• _YOUR TASK_
Exact copy, no pictures: return all the records as they stand.

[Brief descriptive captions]
--*--

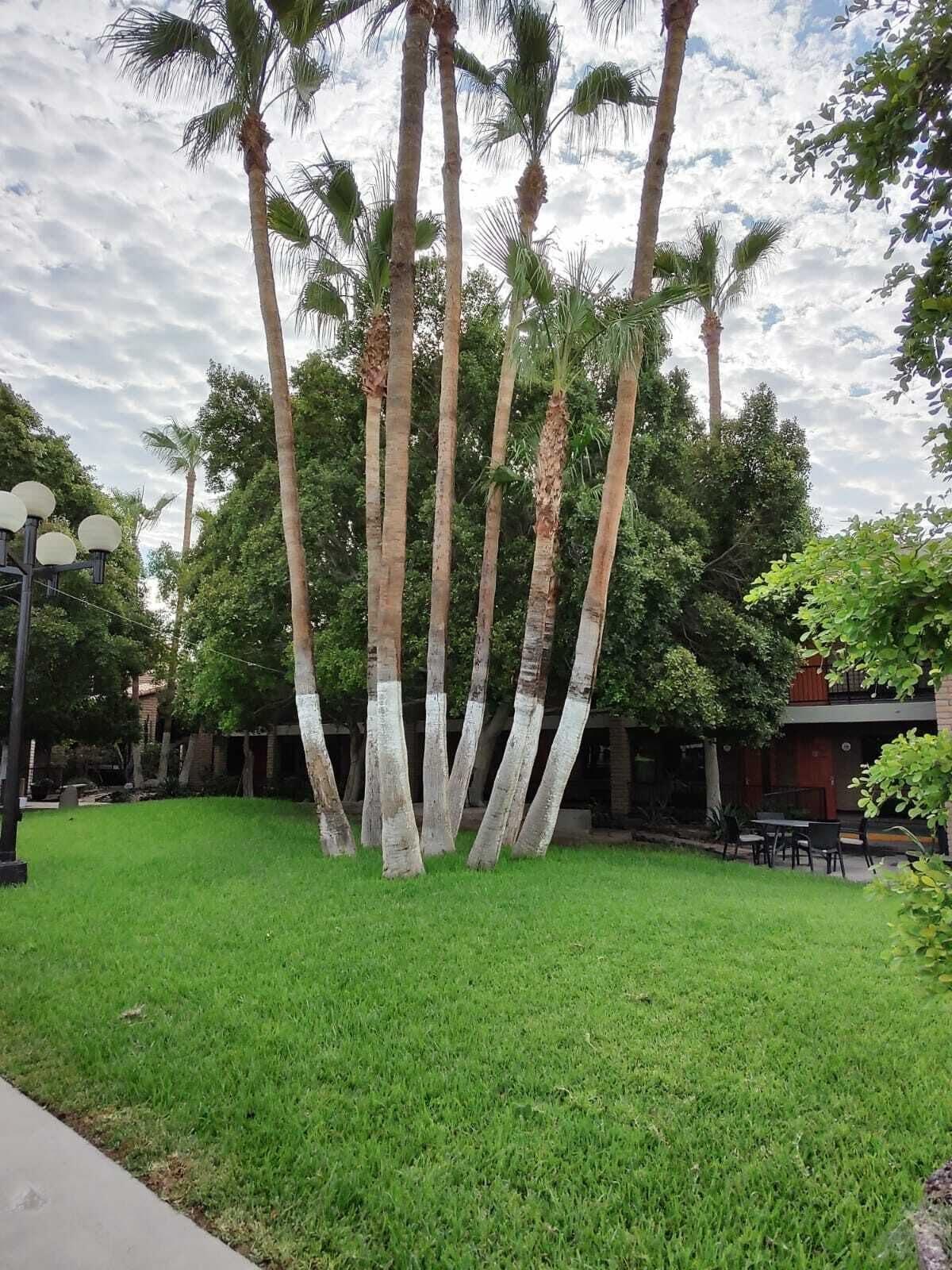 Hotel Colonial Mexicali Eksteriør billede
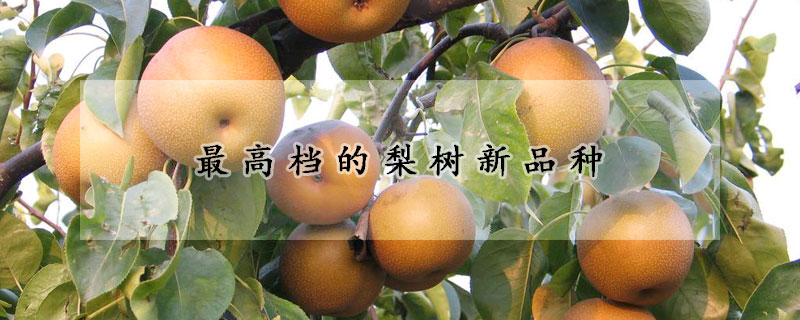 最高档的梨树新品种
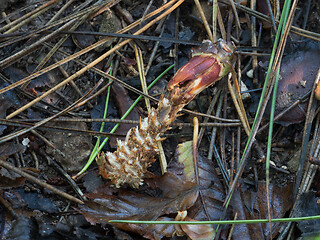 Image showing Pine Cone Eaten By Squirrel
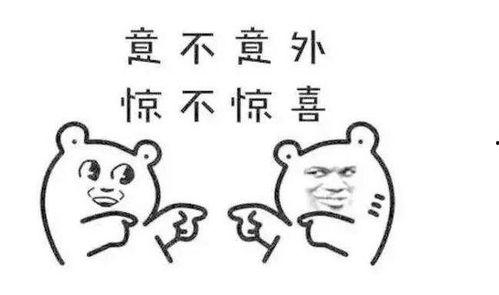 吃瓜群众大星,吃瓜群众的趣味生活与独特视角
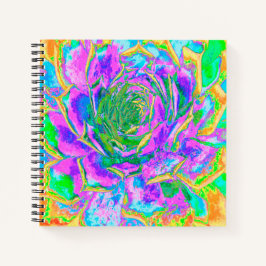 Regenboogkleuren Fiesta Succulent Sedum Rosette Notitieboek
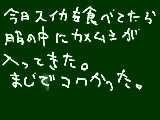 [2009-06-21 19:51:35] 受験生なのにこんな日々いいのだろうか・・・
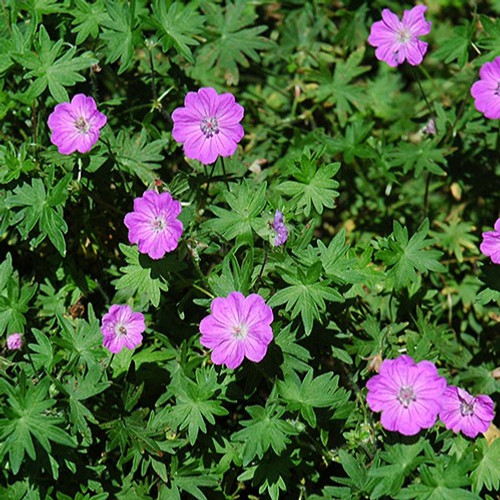 Bloody Cranesbill 
Geranium sanguineum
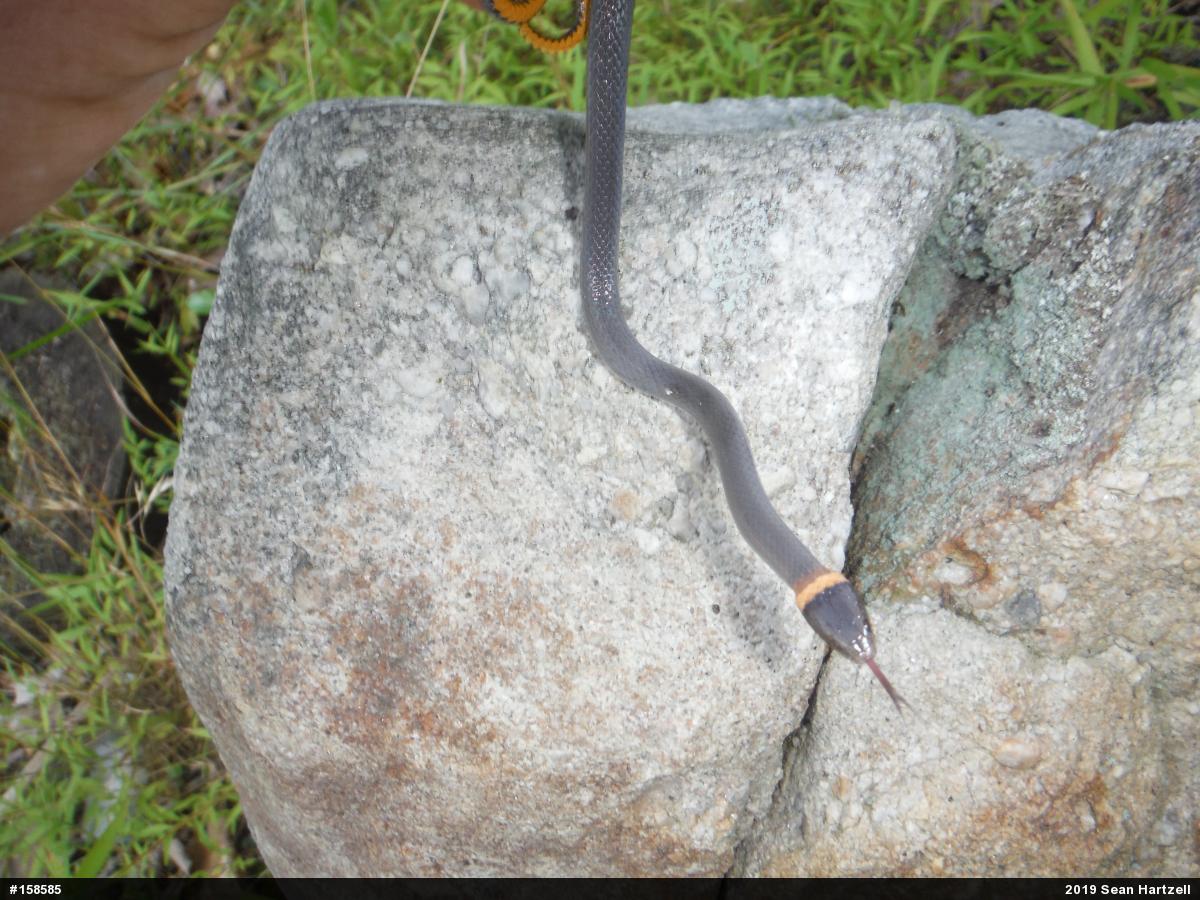Northern Ring-necked Snake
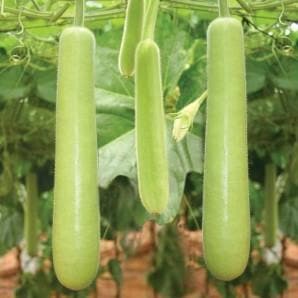 MANYA GOLD BOTTLE GOURD SEEDS ( मान्या लौकी )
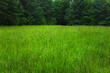 © Andrew Kornylak - An field of lush green grasses with pine trees in the background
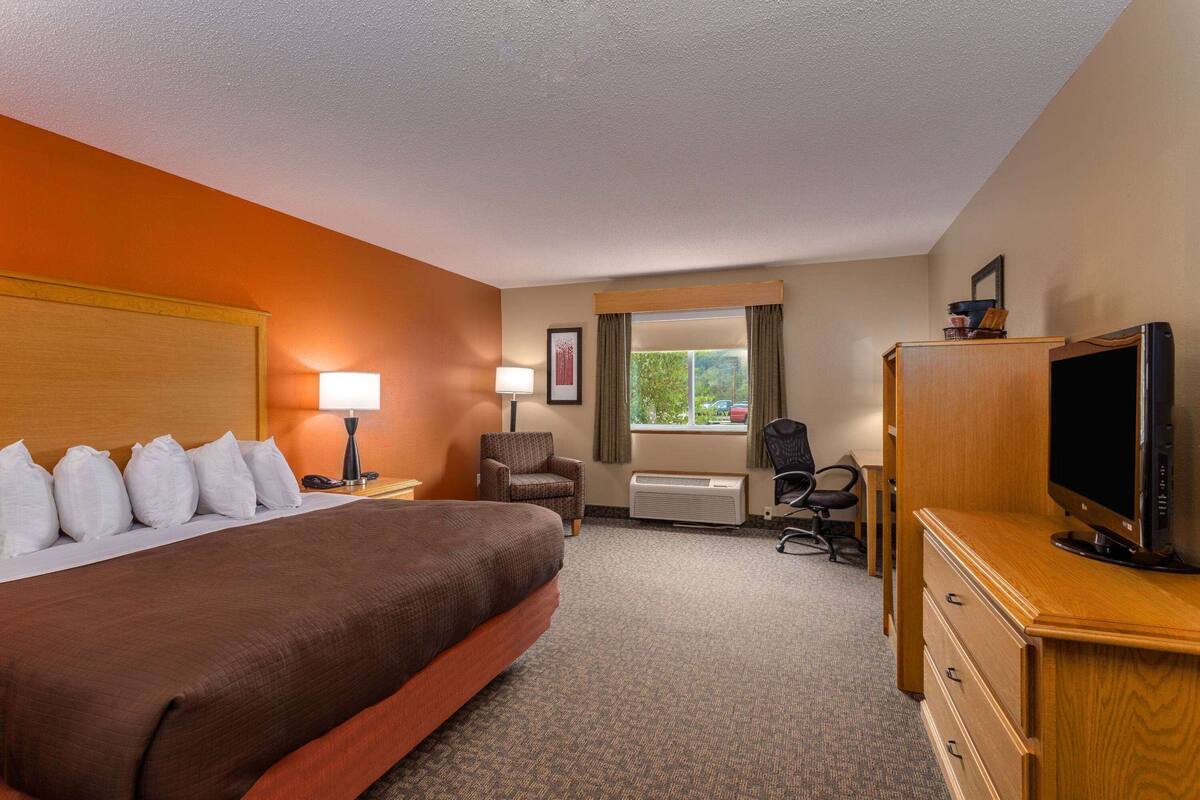A hotel room with a large bed, two bedside lamps, a television on a wooden cabinet, a chair, and a window with curtains.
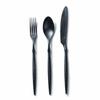 ARAS 3-Piece Cutlery Set, Dishwasher Safe, Made In Japan, Durable and Flavor-Friendly, Made with Tritan Plastic (Spoon, Fork, 21cm, Knife, 24cm, Black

--*--

• _RESULT FOR THIS EXERCISE_
 Hotel Colonial Mexicali Eksteriør billede
 最高档的梨树新品种
 Image showing Pine Cone Eaten By Squirrel
 吃瓜群众大星,吃瓜群众的趣味生活与独特视角
 Regenboogkleuren Fiesta Succulent Sedum Rosette Notitieboek
 [2009-06-21 19:51:35] 受験生なのにこんな日々いいのだろうか・・・
 Bloody Cranesbill 
Geranium sanguineum
Northern Ring-necked Snake
 MANYA GOLD BOTTLE GOURD SEEDS ( मान्या लौकी )
 © Andrew Kornylak - An field of lush green grasses with pine trees in the background
A hotel room with a large bed, two bedside lamps, a television on a wooden cabinet, a chair, and a window with curtains.
 ARAS 3-Piece Cutlery Set, Dishwasher Safe, Made In Japan, Durable and Flavor-Friendly, Made with Tritan Plastic (Spoon, Fork, 21cm, Knife, 24cm, Black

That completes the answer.